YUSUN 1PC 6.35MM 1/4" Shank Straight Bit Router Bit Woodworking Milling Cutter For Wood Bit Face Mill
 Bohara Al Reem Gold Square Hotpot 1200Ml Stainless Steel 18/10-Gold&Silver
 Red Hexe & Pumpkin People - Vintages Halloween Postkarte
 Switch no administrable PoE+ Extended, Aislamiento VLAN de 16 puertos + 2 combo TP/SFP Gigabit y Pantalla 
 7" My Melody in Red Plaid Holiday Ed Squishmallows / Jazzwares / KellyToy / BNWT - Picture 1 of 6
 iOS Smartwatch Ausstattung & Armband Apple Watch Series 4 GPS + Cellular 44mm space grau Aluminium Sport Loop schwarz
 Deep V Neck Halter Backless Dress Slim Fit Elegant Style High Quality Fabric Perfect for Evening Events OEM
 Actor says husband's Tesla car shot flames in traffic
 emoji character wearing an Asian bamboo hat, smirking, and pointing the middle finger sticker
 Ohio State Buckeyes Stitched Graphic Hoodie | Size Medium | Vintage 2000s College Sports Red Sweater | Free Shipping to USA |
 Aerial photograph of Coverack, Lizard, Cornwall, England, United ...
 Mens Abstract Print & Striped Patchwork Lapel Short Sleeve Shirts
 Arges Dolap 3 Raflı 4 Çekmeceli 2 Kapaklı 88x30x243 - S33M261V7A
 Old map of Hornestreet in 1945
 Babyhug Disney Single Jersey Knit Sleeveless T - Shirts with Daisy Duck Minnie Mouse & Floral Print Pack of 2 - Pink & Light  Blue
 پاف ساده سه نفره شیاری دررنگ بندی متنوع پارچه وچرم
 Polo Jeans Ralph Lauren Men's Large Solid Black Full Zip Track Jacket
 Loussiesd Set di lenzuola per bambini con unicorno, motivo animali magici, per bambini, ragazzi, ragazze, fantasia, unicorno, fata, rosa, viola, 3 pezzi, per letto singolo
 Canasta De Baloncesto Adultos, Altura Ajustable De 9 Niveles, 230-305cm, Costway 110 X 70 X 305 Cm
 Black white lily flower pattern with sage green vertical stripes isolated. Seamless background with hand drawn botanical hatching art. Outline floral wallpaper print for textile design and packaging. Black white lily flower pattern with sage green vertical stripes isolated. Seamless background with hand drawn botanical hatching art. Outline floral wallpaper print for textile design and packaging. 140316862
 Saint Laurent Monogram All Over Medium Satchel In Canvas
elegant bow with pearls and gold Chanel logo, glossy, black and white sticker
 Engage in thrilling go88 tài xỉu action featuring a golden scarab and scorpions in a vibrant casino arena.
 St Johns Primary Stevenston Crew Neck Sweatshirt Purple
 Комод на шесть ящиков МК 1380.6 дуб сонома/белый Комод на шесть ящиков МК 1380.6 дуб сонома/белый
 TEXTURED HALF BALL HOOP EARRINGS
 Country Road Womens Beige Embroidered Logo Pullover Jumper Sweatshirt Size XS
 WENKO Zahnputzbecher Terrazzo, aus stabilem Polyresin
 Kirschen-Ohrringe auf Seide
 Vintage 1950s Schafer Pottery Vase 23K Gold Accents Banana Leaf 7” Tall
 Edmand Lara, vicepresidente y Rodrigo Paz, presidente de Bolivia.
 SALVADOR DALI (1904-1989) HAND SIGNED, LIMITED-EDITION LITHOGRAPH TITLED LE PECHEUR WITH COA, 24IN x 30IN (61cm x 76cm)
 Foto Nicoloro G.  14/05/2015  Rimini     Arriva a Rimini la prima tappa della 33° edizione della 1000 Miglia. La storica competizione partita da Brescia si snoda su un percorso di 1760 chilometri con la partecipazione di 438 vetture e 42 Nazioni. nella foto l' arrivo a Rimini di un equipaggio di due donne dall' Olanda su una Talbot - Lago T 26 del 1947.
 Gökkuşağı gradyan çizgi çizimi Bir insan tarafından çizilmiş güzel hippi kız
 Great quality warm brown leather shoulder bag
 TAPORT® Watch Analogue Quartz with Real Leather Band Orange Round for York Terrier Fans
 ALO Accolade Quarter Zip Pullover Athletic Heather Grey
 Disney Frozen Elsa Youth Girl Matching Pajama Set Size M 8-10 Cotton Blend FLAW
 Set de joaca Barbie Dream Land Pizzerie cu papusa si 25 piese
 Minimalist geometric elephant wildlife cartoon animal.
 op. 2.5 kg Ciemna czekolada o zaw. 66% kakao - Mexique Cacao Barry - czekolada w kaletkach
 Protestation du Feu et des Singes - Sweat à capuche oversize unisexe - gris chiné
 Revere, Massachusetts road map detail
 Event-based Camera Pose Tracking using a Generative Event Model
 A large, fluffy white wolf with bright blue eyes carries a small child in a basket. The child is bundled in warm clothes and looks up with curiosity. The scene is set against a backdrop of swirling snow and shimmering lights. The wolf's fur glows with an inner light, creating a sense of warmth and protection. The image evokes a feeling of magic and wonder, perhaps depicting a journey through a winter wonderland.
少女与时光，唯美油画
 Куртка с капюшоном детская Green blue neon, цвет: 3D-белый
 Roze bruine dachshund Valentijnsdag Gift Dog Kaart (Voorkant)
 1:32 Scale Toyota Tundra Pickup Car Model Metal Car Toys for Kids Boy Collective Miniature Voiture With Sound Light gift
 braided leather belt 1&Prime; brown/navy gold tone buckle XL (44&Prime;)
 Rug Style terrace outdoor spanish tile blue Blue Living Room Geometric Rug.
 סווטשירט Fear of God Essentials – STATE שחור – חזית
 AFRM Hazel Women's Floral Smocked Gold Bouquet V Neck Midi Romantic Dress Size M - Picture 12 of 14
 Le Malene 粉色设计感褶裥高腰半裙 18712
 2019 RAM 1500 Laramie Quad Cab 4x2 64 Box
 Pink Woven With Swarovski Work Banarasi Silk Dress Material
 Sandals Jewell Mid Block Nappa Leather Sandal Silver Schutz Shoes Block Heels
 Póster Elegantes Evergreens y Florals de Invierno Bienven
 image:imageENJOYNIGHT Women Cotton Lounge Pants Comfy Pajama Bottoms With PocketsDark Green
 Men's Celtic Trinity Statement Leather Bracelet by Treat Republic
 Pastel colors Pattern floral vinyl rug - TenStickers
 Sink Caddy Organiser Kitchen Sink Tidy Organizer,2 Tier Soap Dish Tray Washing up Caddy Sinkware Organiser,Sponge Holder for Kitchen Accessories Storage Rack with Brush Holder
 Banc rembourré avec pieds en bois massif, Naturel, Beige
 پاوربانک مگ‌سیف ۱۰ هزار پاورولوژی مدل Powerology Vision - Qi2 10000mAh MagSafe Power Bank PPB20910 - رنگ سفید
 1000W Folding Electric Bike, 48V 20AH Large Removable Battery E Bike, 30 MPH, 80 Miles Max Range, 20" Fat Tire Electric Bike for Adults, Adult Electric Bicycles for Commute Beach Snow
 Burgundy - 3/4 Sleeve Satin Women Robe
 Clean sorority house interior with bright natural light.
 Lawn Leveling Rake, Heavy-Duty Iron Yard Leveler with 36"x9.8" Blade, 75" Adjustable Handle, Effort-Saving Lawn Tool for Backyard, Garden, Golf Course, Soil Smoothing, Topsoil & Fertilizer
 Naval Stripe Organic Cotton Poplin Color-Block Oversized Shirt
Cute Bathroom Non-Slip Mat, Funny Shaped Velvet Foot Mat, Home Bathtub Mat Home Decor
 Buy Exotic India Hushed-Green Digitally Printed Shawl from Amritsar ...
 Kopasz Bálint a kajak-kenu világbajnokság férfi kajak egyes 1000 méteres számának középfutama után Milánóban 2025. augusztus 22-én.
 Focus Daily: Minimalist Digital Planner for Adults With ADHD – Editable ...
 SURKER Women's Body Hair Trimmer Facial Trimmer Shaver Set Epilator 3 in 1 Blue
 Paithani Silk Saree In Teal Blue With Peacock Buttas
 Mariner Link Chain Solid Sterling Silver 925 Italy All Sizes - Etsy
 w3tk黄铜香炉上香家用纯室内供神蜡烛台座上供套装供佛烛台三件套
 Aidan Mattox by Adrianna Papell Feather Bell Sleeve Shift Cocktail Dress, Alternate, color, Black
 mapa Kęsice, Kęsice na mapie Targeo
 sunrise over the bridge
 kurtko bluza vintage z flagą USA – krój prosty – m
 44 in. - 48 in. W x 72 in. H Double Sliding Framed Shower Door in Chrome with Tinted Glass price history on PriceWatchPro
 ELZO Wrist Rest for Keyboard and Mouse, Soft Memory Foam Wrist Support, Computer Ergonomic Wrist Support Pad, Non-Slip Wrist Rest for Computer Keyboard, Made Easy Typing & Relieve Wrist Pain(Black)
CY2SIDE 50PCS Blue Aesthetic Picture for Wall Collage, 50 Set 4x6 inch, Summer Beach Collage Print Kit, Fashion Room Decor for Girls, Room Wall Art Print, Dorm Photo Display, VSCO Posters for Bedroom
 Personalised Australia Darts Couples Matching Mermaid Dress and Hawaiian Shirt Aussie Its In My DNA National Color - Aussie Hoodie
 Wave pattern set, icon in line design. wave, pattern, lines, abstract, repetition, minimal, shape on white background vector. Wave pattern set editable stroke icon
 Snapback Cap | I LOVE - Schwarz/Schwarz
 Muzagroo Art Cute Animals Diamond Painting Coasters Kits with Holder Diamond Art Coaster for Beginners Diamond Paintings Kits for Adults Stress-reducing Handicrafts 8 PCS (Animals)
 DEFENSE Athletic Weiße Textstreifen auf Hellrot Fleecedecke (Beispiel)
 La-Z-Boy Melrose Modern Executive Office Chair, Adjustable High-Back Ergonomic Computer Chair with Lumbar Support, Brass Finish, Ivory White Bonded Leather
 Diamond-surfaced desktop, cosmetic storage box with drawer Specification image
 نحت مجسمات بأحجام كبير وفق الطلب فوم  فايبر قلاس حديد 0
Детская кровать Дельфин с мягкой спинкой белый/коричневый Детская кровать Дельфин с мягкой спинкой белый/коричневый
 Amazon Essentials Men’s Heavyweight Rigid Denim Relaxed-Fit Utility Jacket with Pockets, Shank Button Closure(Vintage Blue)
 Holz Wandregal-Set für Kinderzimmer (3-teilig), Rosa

┄┄┄┄┄┄┄┄┄┄

**Problem requirements**
Show a copy of each line from the records above in which the string "Neck" occurs.

**Reply to the task**
 Deep V Neck Halter Backless Dress Slim Fit Elegant Style High Quality Fabric Perfect for Evening Events OEM
 St Johns Primary Stevenston Crew Neck Sweatshirt Purple
 AFRM Hazel Women's Floral Smocked Gold Bouquet V Neck Midi Romantic Dress Size M - Picture 12 of 14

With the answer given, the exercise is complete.